→ Provided material:
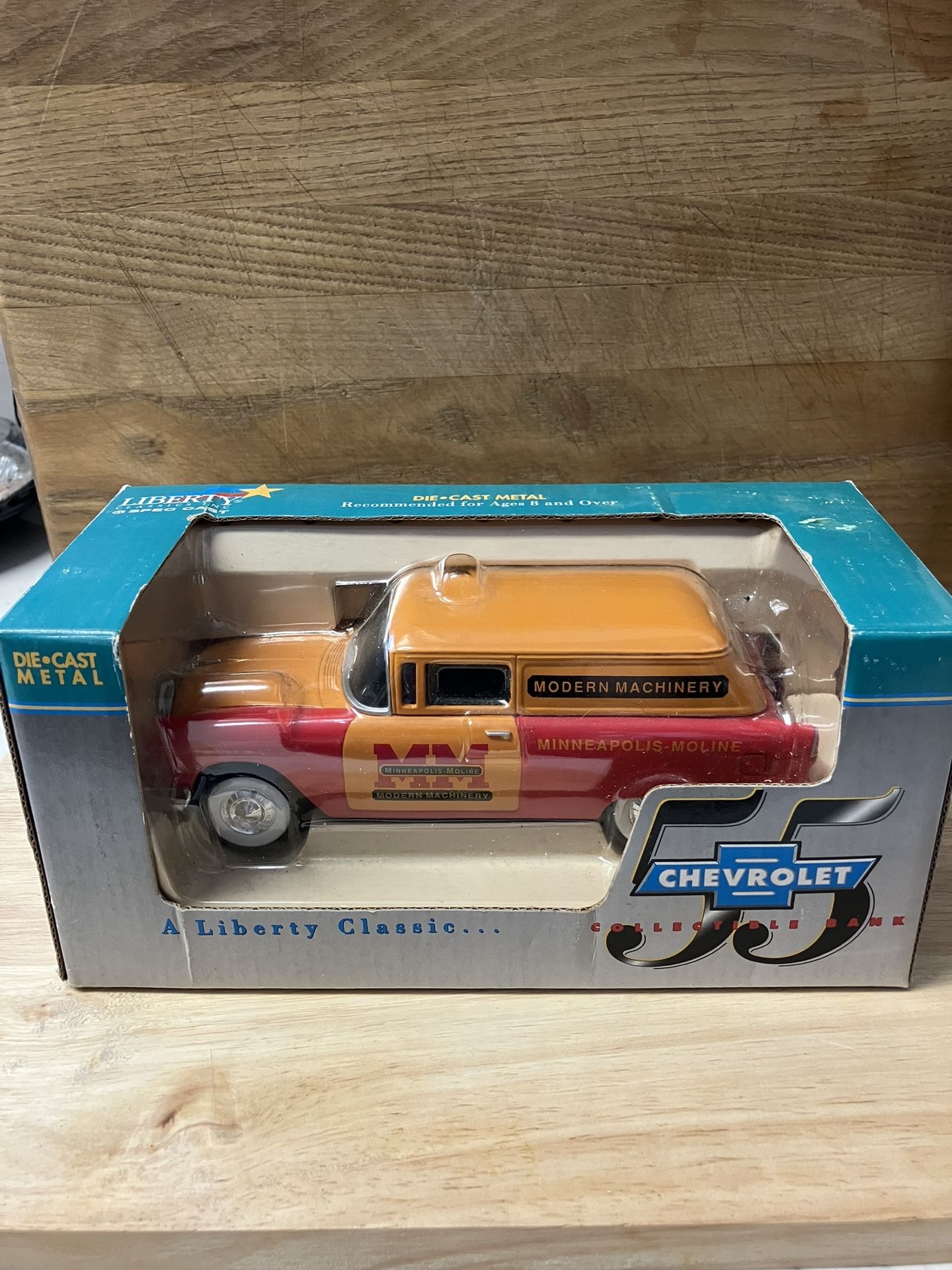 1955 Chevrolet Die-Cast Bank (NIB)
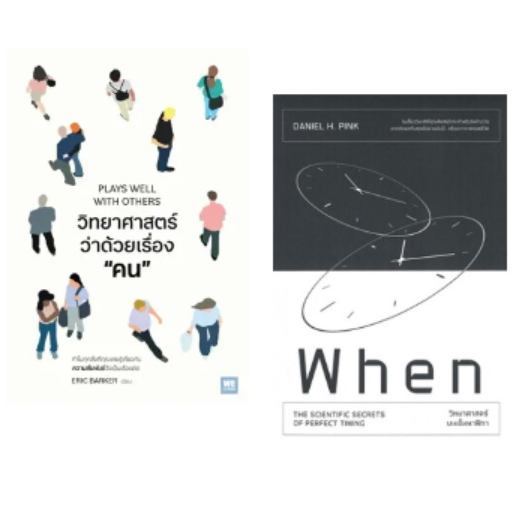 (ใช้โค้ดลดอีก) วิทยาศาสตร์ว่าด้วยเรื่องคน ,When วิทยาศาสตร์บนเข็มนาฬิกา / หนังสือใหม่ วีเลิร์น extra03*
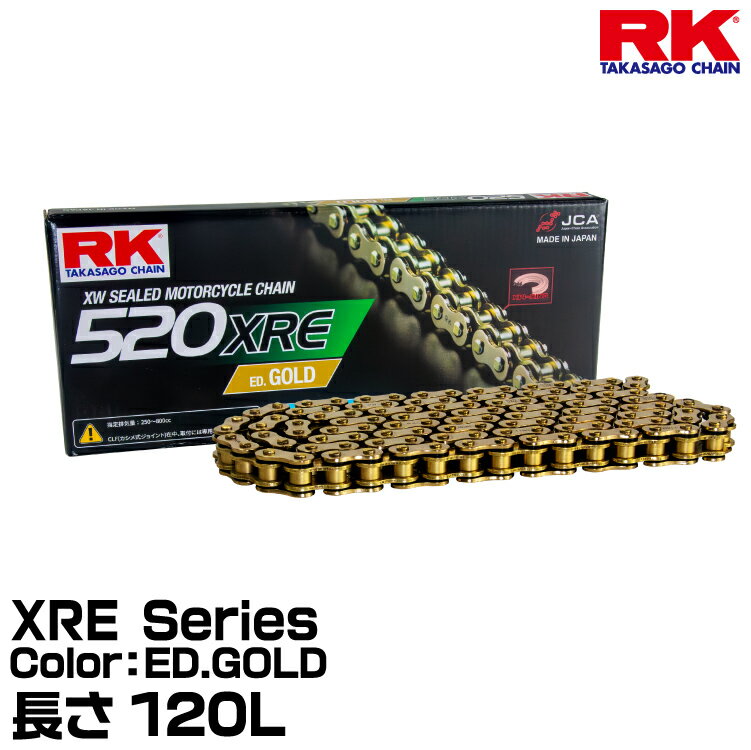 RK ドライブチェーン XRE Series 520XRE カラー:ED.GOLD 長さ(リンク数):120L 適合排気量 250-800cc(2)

→ What this task involves:
Give back the data exactly, with no images.

→ Output of the exercise:
 1955 Chevrolet Die-Cast Bank (NIB)
 (ใช้โค้ดลดอีก) วิทยาศาสตร์ว่าด้วยเรื่องคน ,When วิทยาศาสตร์บนเข็มนาฬิกา / หนังสือใหม่ วีเลิร์น extra03*
 RK ドライブチェーン XRE Series 520XRE カラー:ED.GOLD 長さ(リンク数):120L 適合排気量 250-800cc(2)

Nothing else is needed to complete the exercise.